Aim: To calculate the CT Dose Index (CTDI), Dose Length Product (DLP), and effective dose for CT brain angiography and CT pulmonary angiography, and also to compare whether the measured values are within the International Commission on Radiological Protection (ICRP) recommended levels.
Materials and Methods: A retrospective descriptive study was conducted in the Department of Radiodiagnosis at Yenepoya Medical College Hospital Mangaluru, Karnataka, India, from September 2022 to September 2023. A total of 52 data points were collected for CT brain and CT pulmonary angiography examinations, which were acquired before October 2022. Information on CTDI and DLP was collected, and the effective dose was calculated using the conversion factor. The values were then compared with the ICRP reference level. Descriptive statistics, mean, and standard deviation for continuous variables, and frequency and percentage for categorical variables were used.

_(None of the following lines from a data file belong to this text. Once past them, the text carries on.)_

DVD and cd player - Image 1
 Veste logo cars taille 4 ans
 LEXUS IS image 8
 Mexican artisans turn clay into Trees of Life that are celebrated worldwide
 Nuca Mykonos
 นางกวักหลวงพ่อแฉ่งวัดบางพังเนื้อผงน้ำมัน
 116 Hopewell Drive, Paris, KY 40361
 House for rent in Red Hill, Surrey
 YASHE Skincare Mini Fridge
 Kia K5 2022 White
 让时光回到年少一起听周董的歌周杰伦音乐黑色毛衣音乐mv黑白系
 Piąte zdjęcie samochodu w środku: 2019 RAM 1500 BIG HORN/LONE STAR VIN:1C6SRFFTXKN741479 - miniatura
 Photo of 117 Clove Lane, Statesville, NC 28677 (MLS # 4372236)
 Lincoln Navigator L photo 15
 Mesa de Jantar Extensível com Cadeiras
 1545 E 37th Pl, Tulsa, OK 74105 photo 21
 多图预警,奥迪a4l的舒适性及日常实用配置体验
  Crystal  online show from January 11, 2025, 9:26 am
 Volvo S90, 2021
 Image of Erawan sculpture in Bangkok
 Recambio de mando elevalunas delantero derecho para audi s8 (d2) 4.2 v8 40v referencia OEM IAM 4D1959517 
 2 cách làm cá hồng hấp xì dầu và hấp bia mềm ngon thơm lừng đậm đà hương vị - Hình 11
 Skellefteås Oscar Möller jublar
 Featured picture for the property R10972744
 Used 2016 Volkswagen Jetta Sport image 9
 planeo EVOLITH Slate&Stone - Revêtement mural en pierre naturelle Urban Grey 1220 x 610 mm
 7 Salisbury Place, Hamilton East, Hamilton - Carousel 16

Results: There was a significantly lower value of CTDI, DLP, and effective dose for CT brain angiography and CT pulmonary angiography compared to the ICRP recommended reference levels. The mean CTDI and DLP for CT brain angiography were 111.56 mGy and 1153.31 mGy•cm, and the mean CTDI and DLP for CT pulmonary angiography were 24.56 mGy and 713.74 mGy•cm, respectively. The mean effective dose for CT brain and CT pulmonary angiography was 2.46 mSv and 9.94 mSv, respectively.
Conclusion: The measured values were within the recommended values of ICRP regulations. It is recommended that CT brain angiography and CT pulmonary angiography examinations are safer for diagnostic purposes. Optimising scanning protocols, utilising low-dose techniques, and implementing dose monitoring and control are important clinical aspects. Compliance with the guidelines helps to enhance patient care and reduce the risk of radiation-related complications.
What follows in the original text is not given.